U.N. migration agency rejects Trump nominee Ken Isaacs as leader
GENEVA -- The U.N.'s migration agency snubbed the Trump administration's candidate to lead it on Friday, a major blow to U.S. leadership of a body addressing one of the world's most pressing issues - and only the second time that it won't be run by an American since 1951. Diplomats who took part in the first three rounds of voting Friday told the Associated Press that American Ken Isaacs was eliminated in the ongoing contest to elect the next director-general of the International Organization of Migration.
The race was so far led by Antonio Vitorino, a Portuguese Socialist, ahead of IOM deputy director-general Laura Thompson of Costa Rica.
U.N. migration officials are distressed by U.S. policy and sources told CBS News that Mr. Trump's candidate did not stand a chance, reports CBS New' Pamela Falk. In addition, as a former Portuguese politician, Vitorino has a good relationship with the secretary general and will move the global compact on migration forward, Falk reports.
The move marks a searing rejection of the U.S. candidate just as the Trump administration has been retreating from or rebuffing international institutions - including two others based in Geneva: Earlier this month, the United States pulled out of the U.N.'s Human Rights Council, and Mr. Trump has recently criticized the World Trade Organization as "unfair" to the U.S.
"Yet another sign that US power, authority and prestige has been so dramatically diminished," tweeted Keith Harper, who was the Obama administration's ambassador to the rights council. The "IOM Director is seen as an 'American seat' and Mr. Trump was unable to place an American in it."
Isaacs' candidacy had been clouded by U.S. policies like travel bans and migrant family separations - and his own comments that critics have called anti-Muslim. But few diplomats streaming out of a Geneva conference center dared to offer an explanation about how an American was stripped of a post that the U.S. has held a lock-hold on for decades.

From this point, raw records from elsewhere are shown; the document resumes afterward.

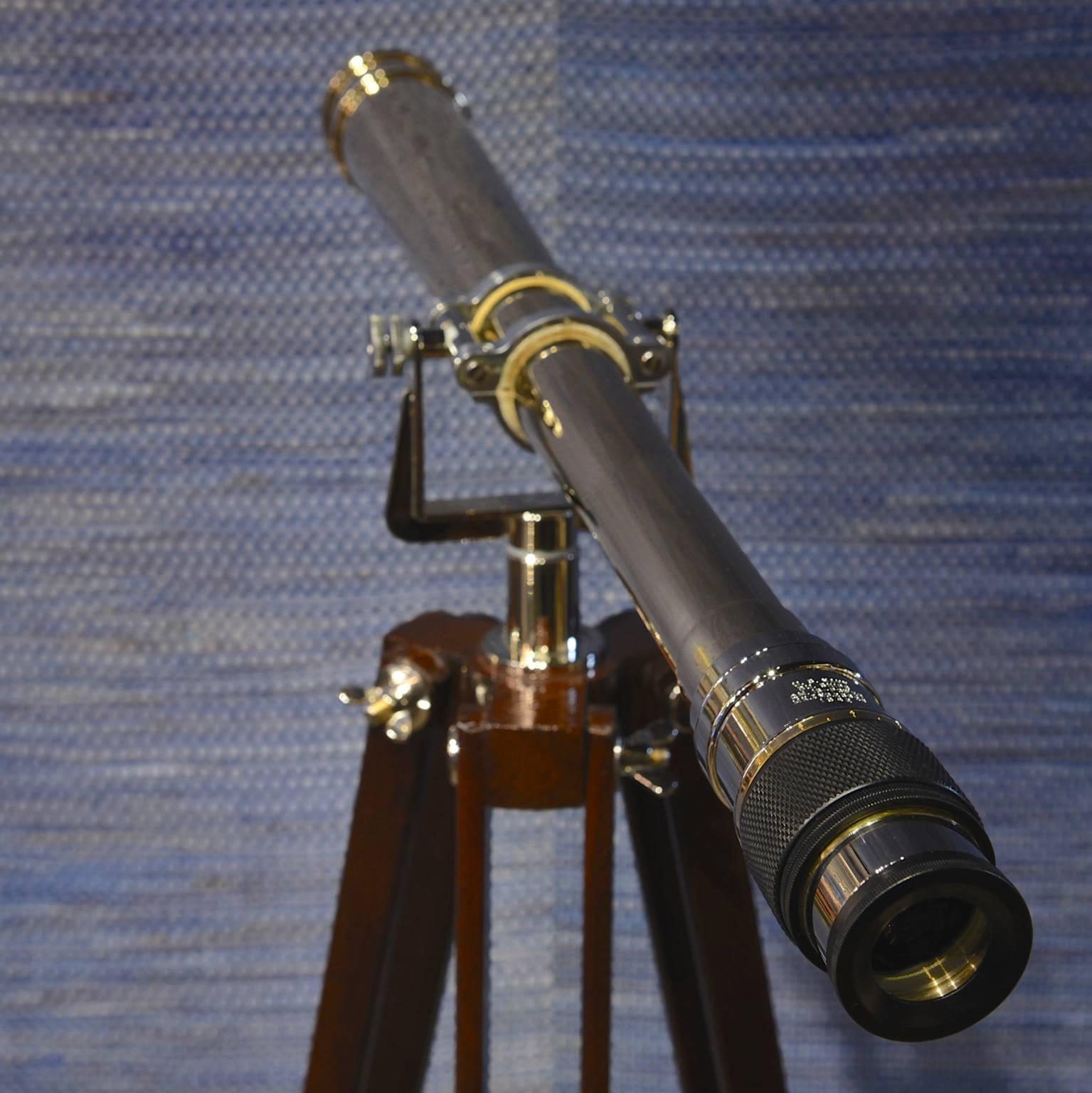 WW II US Navy Spyglass Telescope In Excellent Condition In London, GB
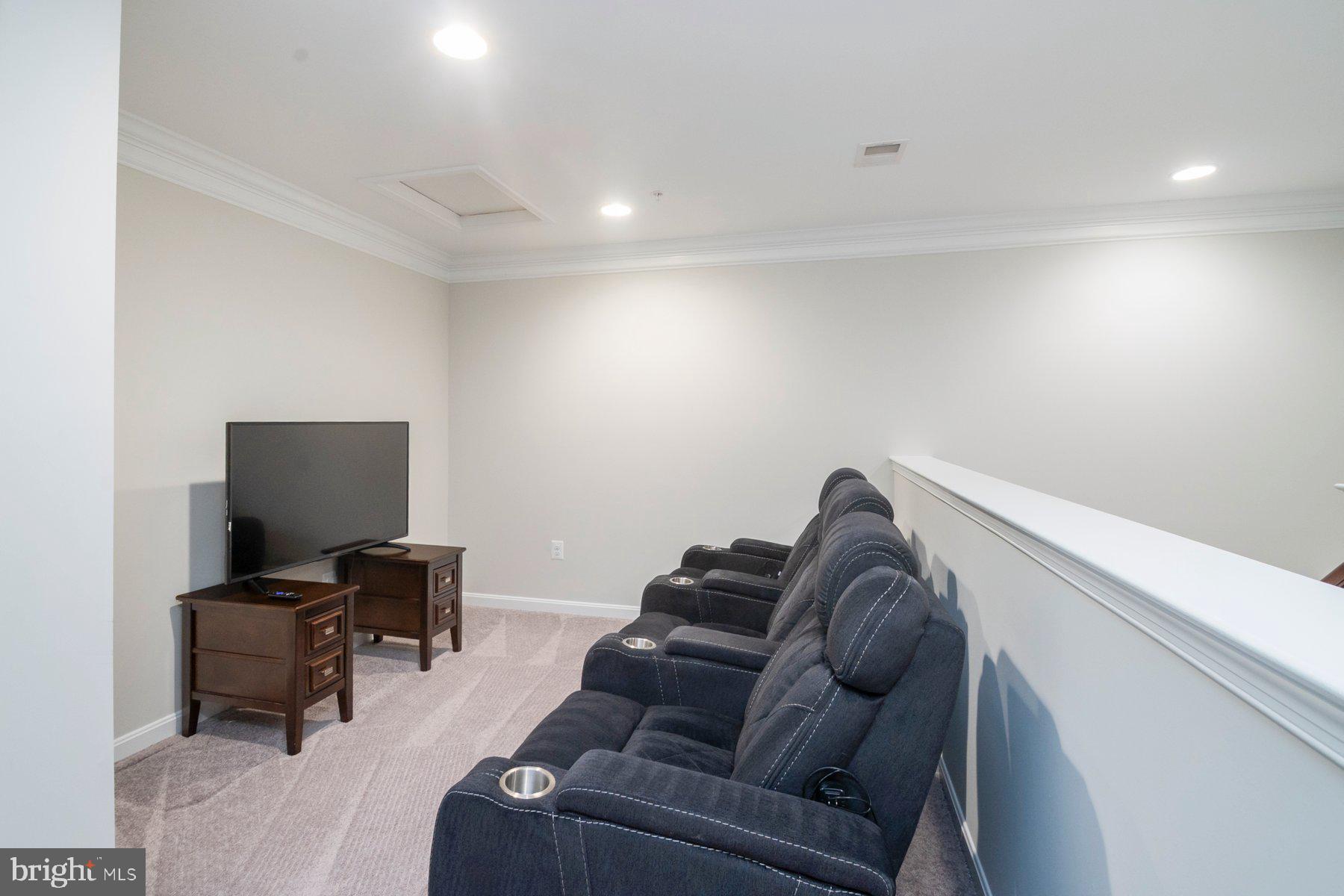 PEARMAN'S OVERLOOK - Residential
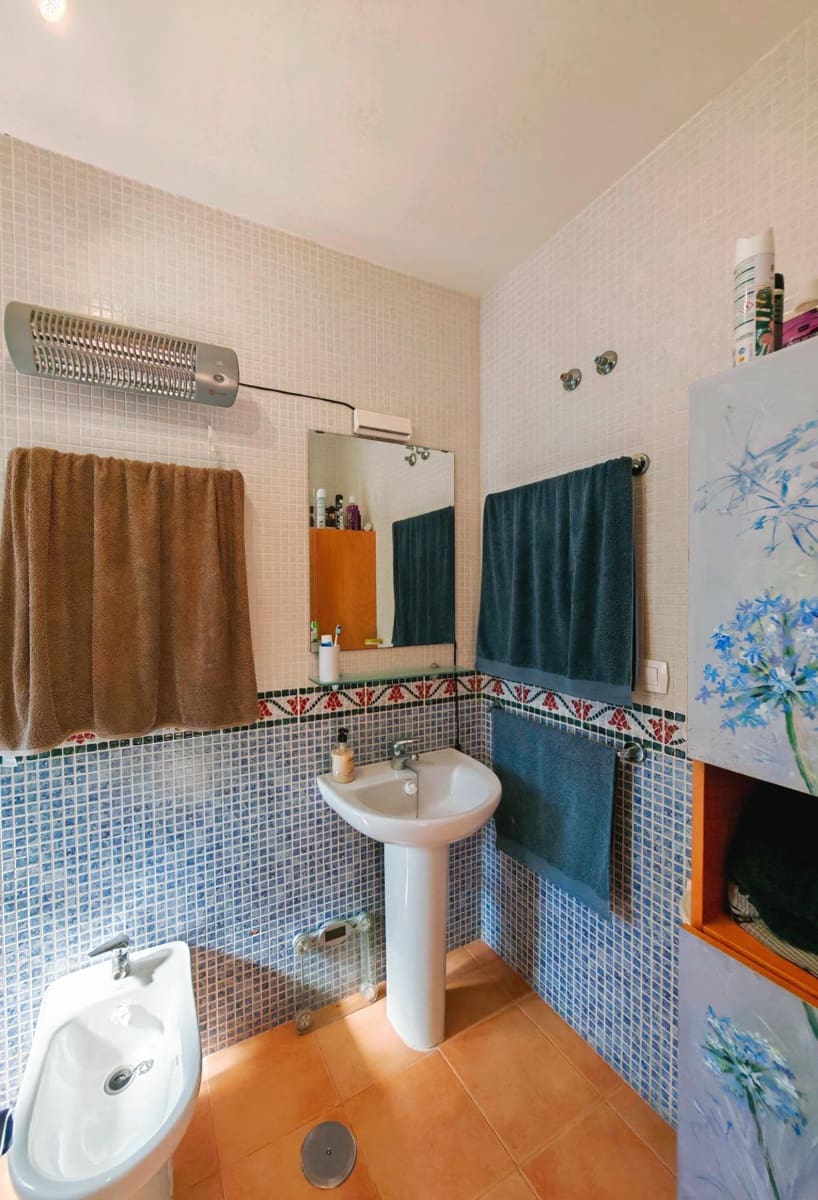 2 bedroom Villa for sale in Chiclana de la Frontera with pool garage - € 350,000 (Ref: 9616041)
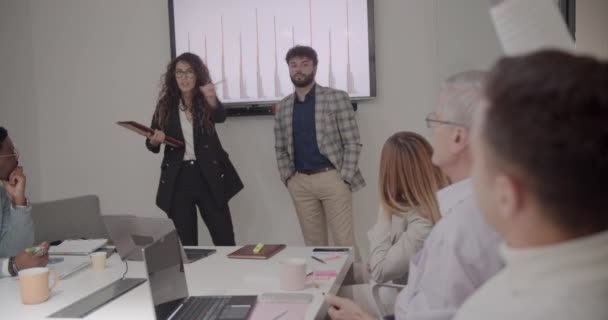 Jóvenes Representantes Ventas Analizando Los Gráficos Una Pantalla Televisión Oficina — Vídeo de stock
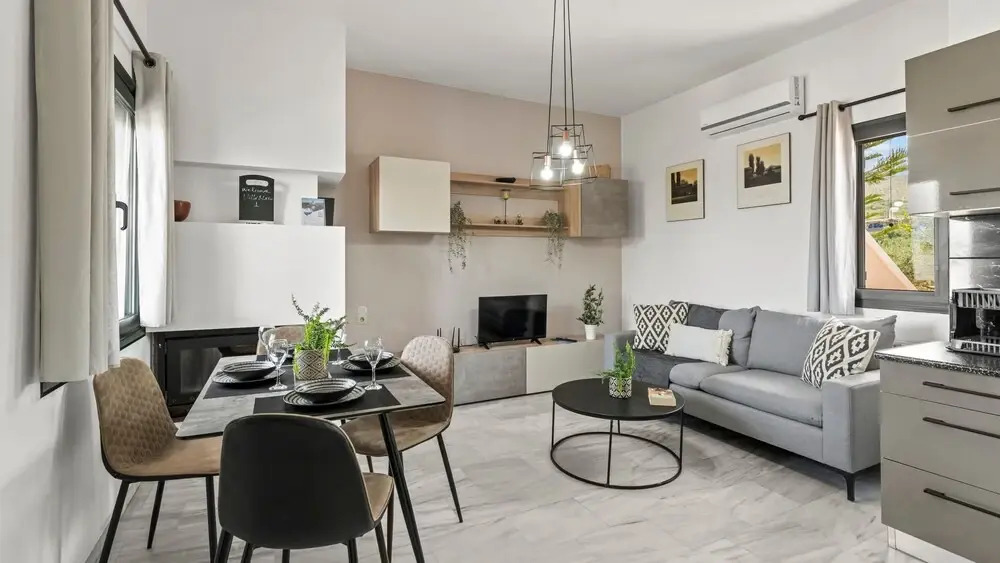 Seaside Gem near Heraklion, Villa Maros Getaway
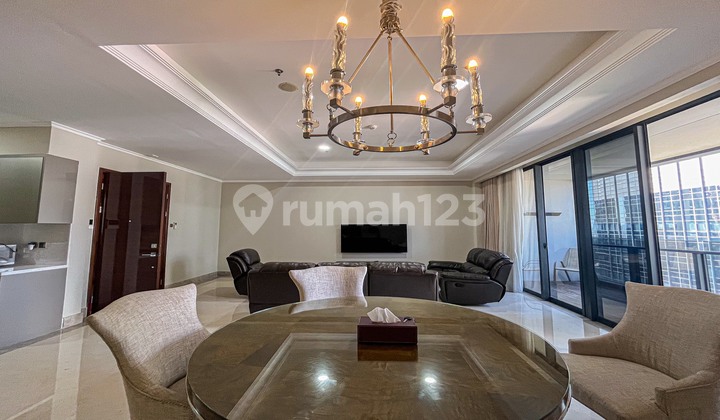 District 8 Senopati Apartment 4 Bedroom Newly Renovated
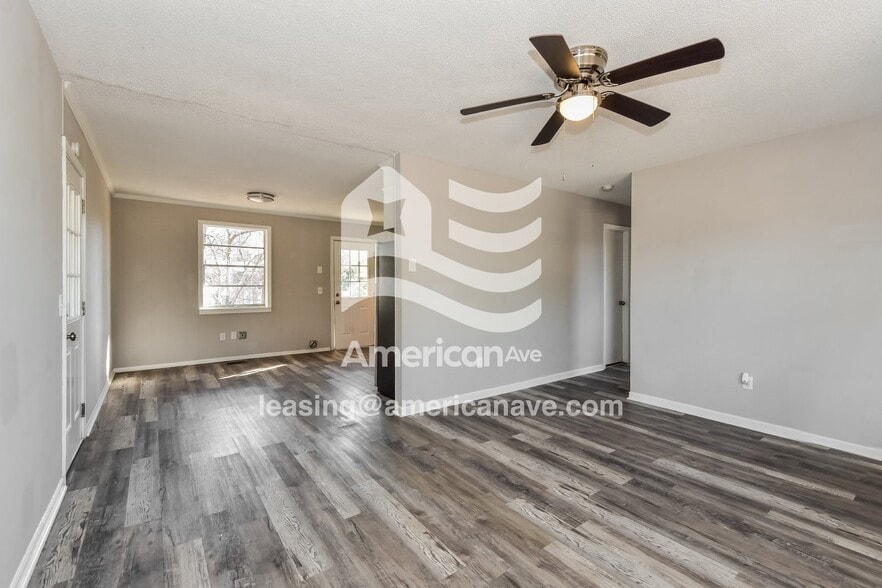 Building Photo - 2124 Sandy Run Dr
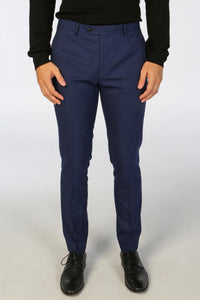 Mark - Terno masculino azul-marinho de três peças com estampa xadrez e corte sob medida.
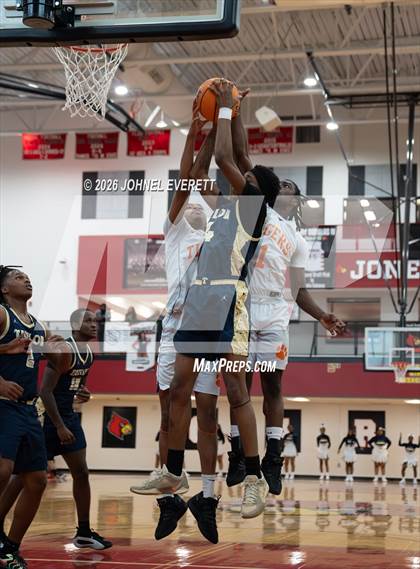 Thumbnail 2 in Mundy's Mill vs. Taylor County photogallery.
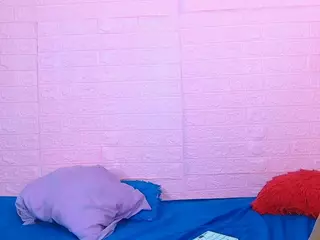 Brenda and my sexy friends's Live Sex Cam Show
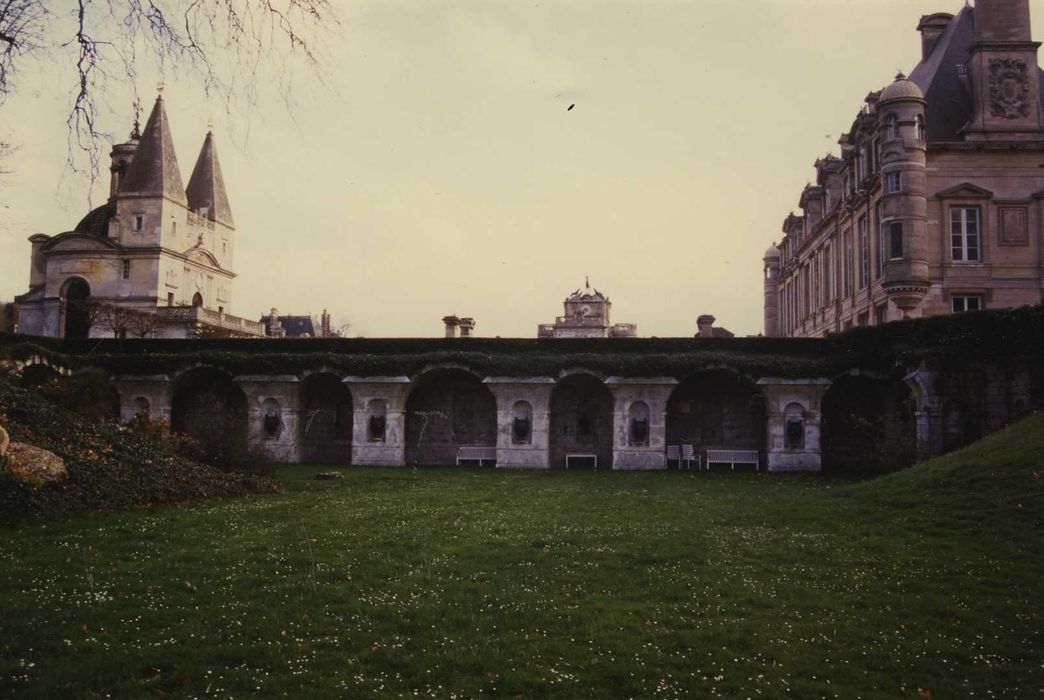 Château d'Anet : Ensemble nord (cryptoportique), vue générale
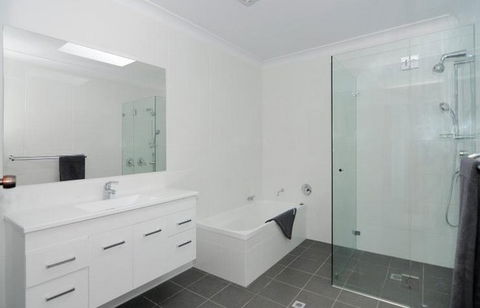 Baileys, Gerringong - Accommodation Perth 4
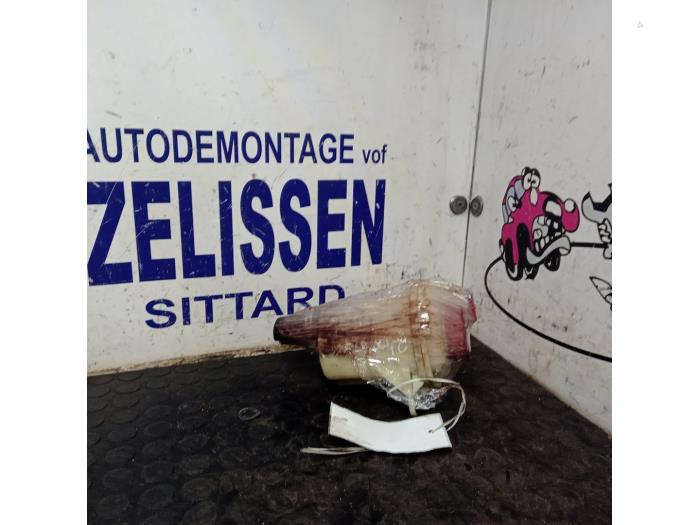Gebruikte Servo Oliereservoir Fiat Doblo Cargo (223) 1.9 D Prijs € 26,25 Margeregeling aangeboden door Zelissen V.O.F. autodemontage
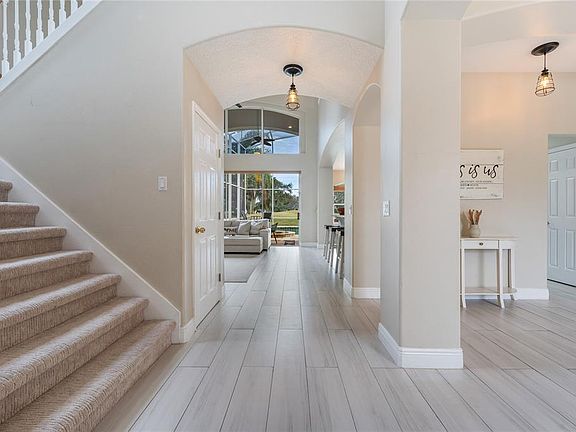 3rd image of 1524 THE OAKS BOULEVARD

One, Senegalese diplomat Youssoupha Ndiaye, simply spoke of the early result: "The American is out." Two other diplomats confirmed that, as well as the two-person race remaining between Vitorino and Thompson, as delegates broke for lunch. The two spoke on condition of anonymity because they weren't authorized to release the information publicly.
The winner, who will be determined by dues-paying, ballot-casting members among the 172 countries in the IOM, will succeed longtime U.S. diplomat William Lacy Swing, who leaves in September. IOM officials declined to confirm the result until voting was finished.
An intergovernmental body that became a U.N.-related agency in 2016, IOM has had only one director-general who wasn't American since its creation 67 years ago.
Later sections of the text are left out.